If you followed the advice in my last blog, "Look Back Before Planning Forward," you now have a plan of intentions/goals for 2019 along with specific actions that will help you achieve those goals. Bravo!





Often the work we need to do to achieve our goals involves changing our habits - either eliminating habits that work against our intentions, or creating new, more supportive ones. Either way, it involves change. And change can be difficult.





For example, maybe one of the things you want to do in the area of "eating healthier" is to limit dessert after dinner to weekends. No more weekday after-dinner sweets! But you've been having dessert after dinner since you were a kid. The meal just doesn't feel complete without it. How do you make that change (and stick to it)?





In his best-selling book, Atomic Habits, author James Clear says, "Bad habits repeat themselves not because you don't want to change, but because you have the wrong system for change...You do not rise to the level of your goals. You fall to the level of your systems."





The human brain is wired for immediate gratification. You know that piece of cake after dinner isn't contributing to your long-term health ("a moment on the lips, a lifetime on your hips") but oooooh, is it good! As Clear says, "the consequences of bad habits are delayed while the rewards are immediate."





To break or establish habits and achieve your goals, you need to change your systems. "Goals are about the results you want to achieve. Systems are about the processes that lead to those results," Clear says.





Our habits are behavior routines that have been repeated so often that they become automatic. To change them, we have to become aware of them and replace them with good habits.





Clear says that employing the first three laws of behavior change - make it obvious, make it attractive, and make it easy - will increase the chances of performing a new behavior. The fourth law - make it satisfying - will make it more likely that the new behavior will be repeated, and thus become a habit. When you want to eliminate a behavior, i.e, change a bad habit, you flip the process: make it invisible, make it unattractive, make it difficult, and make it unsatisfying.





Turning the new behavior into a (good) habit comes from making incremental improvements every day. And the best way to do this is to add "a little bit of immediate pleasure to the habits that pay off in the long-run and a little bit of immediate pain to the ones that don't."





Success in nearly every field, Clear says, requires you to ignore an immediate reward in favor of a delayed reward.





"Habits are like the atoms of our lives. Each one is a fundamental unit that contributes to your overall improvement." - James Clear





Till next time,





Karen


Goal setting, Life, Personal development

A New Year: Look Back Before Planning Forward

January 14th, 2019

By: Karen Colligan


Admit it. How many of you, as you rang in the new year, secretly (or maybe even publicly) said, "Thank GOODNESS 2018 is over!" or words to that effect?





Certainly, there were things in the past year we'd all rather forget. And yet, you are doing yourself a major disservice if you don't pause to reflect on - from a personal and professional standpoint - some highlights of your year. What did you accomplish? What did you learn? What challenges did you overcome? What new skills did you develop? Taking stock of these items will not only improve your view of the past year, it will also help guide your thinking as you plan your goals, intentions, whatever you want to call them, for the new year.

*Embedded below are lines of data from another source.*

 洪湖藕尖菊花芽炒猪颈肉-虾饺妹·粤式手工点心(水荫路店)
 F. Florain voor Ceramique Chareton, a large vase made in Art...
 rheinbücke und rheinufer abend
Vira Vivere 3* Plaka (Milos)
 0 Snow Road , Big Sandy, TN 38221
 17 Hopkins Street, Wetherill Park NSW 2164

So. Grab a tablet, a pen (or your laptop), and a beverage of your choice. Find a quiet place and allow yourself 30 minutes or so to list out the following for 2018:





What I accomplished





What I learned





A challenge I overcame and how





A new skill(s) I developed





Once you've made your list, give yourself some time to reflect on (and feel good about) all that you've achieved. Focus on the positive! Then, as you plan for 2019 (and you are developing a plan, right?) let your list help guide your intentions (that's what I like to call them) for the new year.





I think we've all figured out that New Year's "resolutions" don't work. They are typically too broad (lose weight, get out of debt, win the lottery) and not tied to specific actions or deadlines. Research shows that 80% of them are abandoned by February. So why bother, right? Wrong!

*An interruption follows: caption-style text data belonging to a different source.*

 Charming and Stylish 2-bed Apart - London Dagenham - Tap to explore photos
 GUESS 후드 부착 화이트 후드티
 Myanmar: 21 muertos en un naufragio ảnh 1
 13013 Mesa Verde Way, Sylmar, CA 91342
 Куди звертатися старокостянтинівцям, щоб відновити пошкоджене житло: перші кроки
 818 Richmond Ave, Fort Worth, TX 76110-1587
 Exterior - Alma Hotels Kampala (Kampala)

I suggest a different approach. First of all, keep it simple yet specific. Second, keep it balanced. Too often we focus so much energy on changing one aspect of our life that we totally neglect the other aspects. For example, there's that promotion you want, so you put 110% of your energy into doing the work, gaining the visibility, and finding the opportunity that will get you there. Pretty soon you're skipping the gym, eating junk food at the office for dinner, and saying "no" to time with family and friends. "Vacation? Not happening!" And do you get the promotion? Maybe. But at what cost?





Here's my guide for creating a simple plan that will help keep your life balanced and moving forward. It's called the Circle of Life. As you consider your intentions for 2019, think about the eight aspects of your life illustrated below. Where do you spend the most effort? As you look back on 2018, what aspect did you neglect or ignore? How will you change that this year?

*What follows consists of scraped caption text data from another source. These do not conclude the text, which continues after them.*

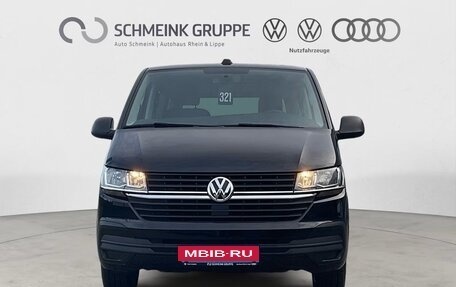 Volkswagen Multivan T6 рестайлинг, 2022 год, 4 550 000 рублей, 3 фотография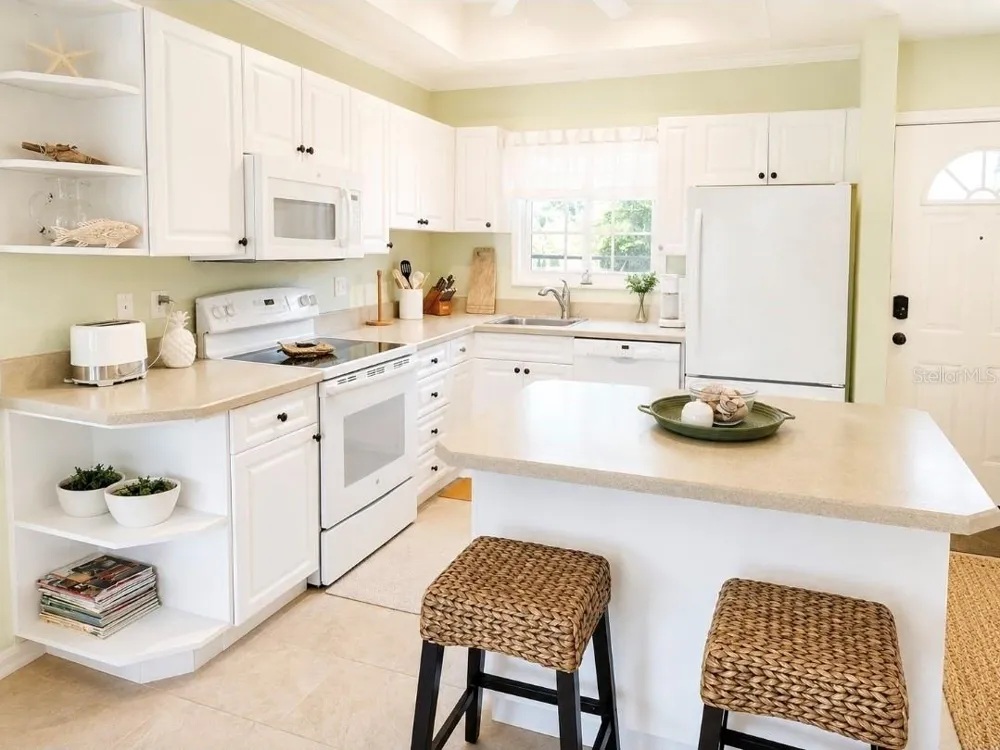 8360 WINGATE DRIVE #811 Sarasota, FL 34238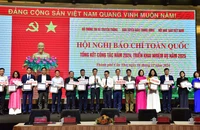 Đồng chí Lê Quốc Minh, Ủy viên Trung ương Đảng, Tổng Biên tập Báo Nhân Dân, Phó Trưởng Ban Tuyên giáo Trung ương, Chủ tịch Hội Nhà báo Việt Nam và đồng chí Nguyễn Mạnh Hùng, Ủy viên Trung ương Đảng, Phó Trưởng Ban Tuyên giáo Trung ương, Bộ trưởng Thông tin và Truyền thông trao chứng nhận cho các đơn vị đạt mức Xuất sắc chuyển đối số báo chí 2024, trong khuôn khổ Hội nghị Báo chí toàn quốc 2024 tại TP Cần Thơ ngày 16/12.
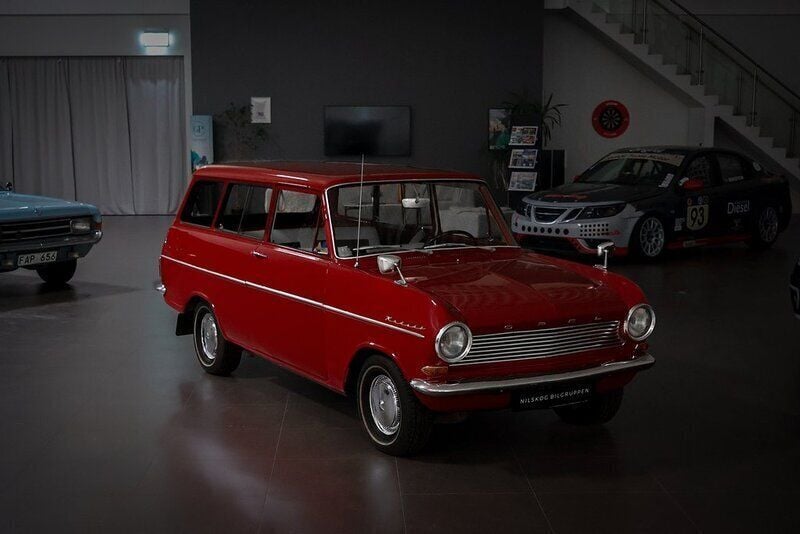 Röd Begagnad 1964 Opel Kadett S Kombi | 94 900 kr - Bild 1/4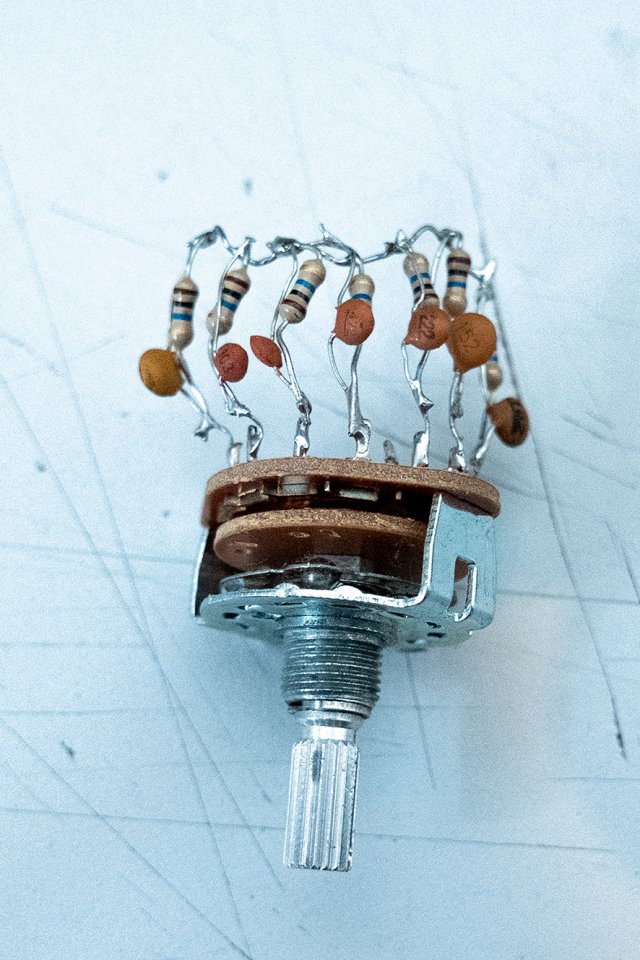 DiYLösung > Mehrfachschalter ("Varitone") statt TonPoti MusikerBoard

Now make one or two intentions for each aspect. Make them simple, make them specific, and write them down! Include due dates wherever possible.





Once you've created your plan, keep it visible. Put it someplace where you can see it every day. Schedule time on your calendar once a month to assess how you're doing. Pay attention to what's getting out of balance, e.g., when work is eating into your intentions in personal growth or friends/family. Make some adjustments to get back on track.





Taking a look back before moving forward and being more intentional about creating balance in our lives are components of my GET REAL philosophy. So often we burden ourselves with what others tell us we SHOULD do - "find passion in your work," "lean in," "keep climbing that corporate ladder," - that we lose sight of what we WANT to do. We are so focused on the destination that we miss the view along the way.





Here's to an amazing and balanced 2019! I'm declaring it a year to GET REAL! Stay tuned for more GET REAL developments.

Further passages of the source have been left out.